Nach 1978 ebbte die Erfolgswelle für Boney M. langsam ab, das Album „Boonoonoonoos“ verfehlte 1981 die deutschen Top 10, in Großbritannien schaffte es die Scheibe nicht einmal in die Top 100 – die beiden Vorgänger waren in beiden Ländern noch auf der Eins gechartet. Ende des Jahres wurde Farrell wegen Unzuverlässigkeit gefeuert und später durch Reggie Tsiboe ersetzt. 1984 kehrte Farrell zu Boney M. zurück, doch nach der Feier zum zehnjährigen Jubiläum löste sich die Band schließlich auf.

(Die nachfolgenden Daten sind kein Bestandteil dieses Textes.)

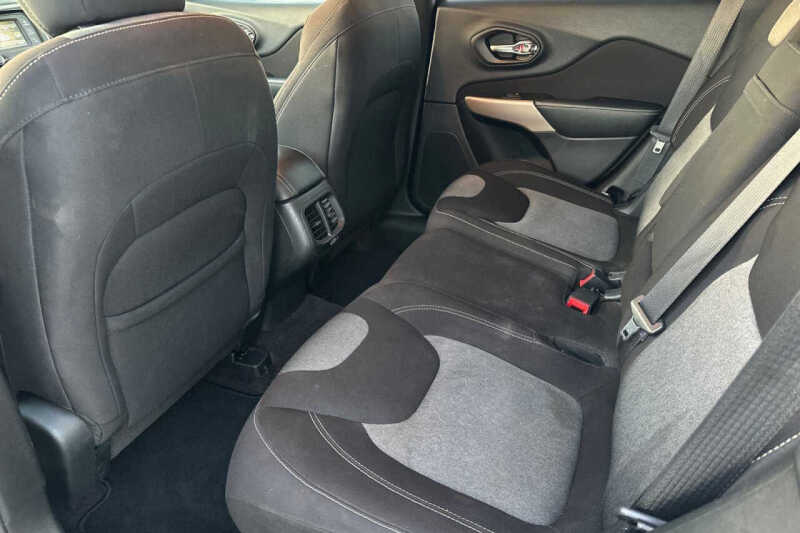 2017 Jeep Cherokee Sport Altitude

Band-Nachleben und ein vorzeitiger Tod
Nach einigen gescheiterten Versuchen, die Gruppe ohne Farian wiederzubeleben, tourten verschiedene Ex-Mitglieder mit ihren eigenen Versionen von Boney M. durch die Weltgeschichte. Farian unterstützte dabei offiziell nur die Besetzung um Liz Mitchell, 2010 sprach jedoch ein Gericht allen Mitgliedern der Originalbesetzung das Recht zu, den Namen Boney M. zu verwenden. Ende 2010 starb Bobby Farrell während einer Russland-Tournee in Sankt Petersburg an Herzversagen. „Die Nachricht erreichte mich aus der Presse, ich war geschockt“, erinnert sich Farian. „Es hat mich sehr bewegt, einen langjähriger Künstler und Freund zu verlieren.“
Das 40-Jährige Jubiläum im Jahr 2015 feierte Boney M. mit der Compilation „Diamonds“, die auf drei CDs neben den wichtigsten Hits der Bands auch Remixe von aktuellen Künstlern enthält. RTL II sendet zu diesem Anlass die große Dokumentation „Pop Giganten: Die wahre Geschichte von Boney M.“ (13. April, 22:15 Uhr), in der Farian, Mitchell und Barrett den einen oder anderen Blick hinter die Kulissen der Band gewähren.